» WORK TO BE COMPLETED
Reproduce exactly the lines below from the one containing "Volkswagen Tiguan 2019 car image #21" through the one containing "https://apartamentos-ar-caribe-lloret.topcostabravahotels.com", including both, and nothing else.

» SUPPLIED MATERIAL
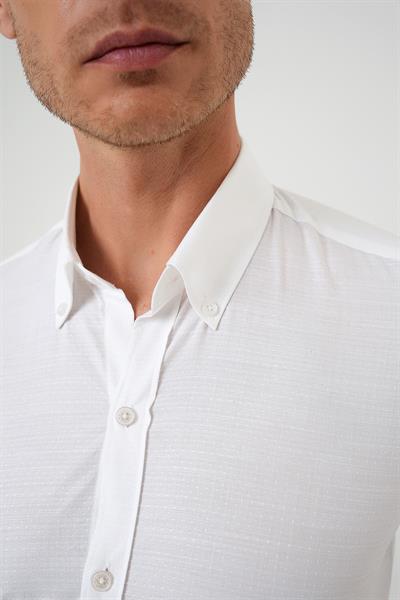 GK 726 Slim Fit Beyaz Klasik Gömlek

--

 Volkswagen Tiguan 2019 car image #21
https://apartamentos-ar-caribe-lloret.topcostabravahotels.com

» RESPONSE BELOW
 Volkswagen Tiguan 2019 car image #21
https://apartamentos-ar-caribe-lloret.topcostabravahotels.com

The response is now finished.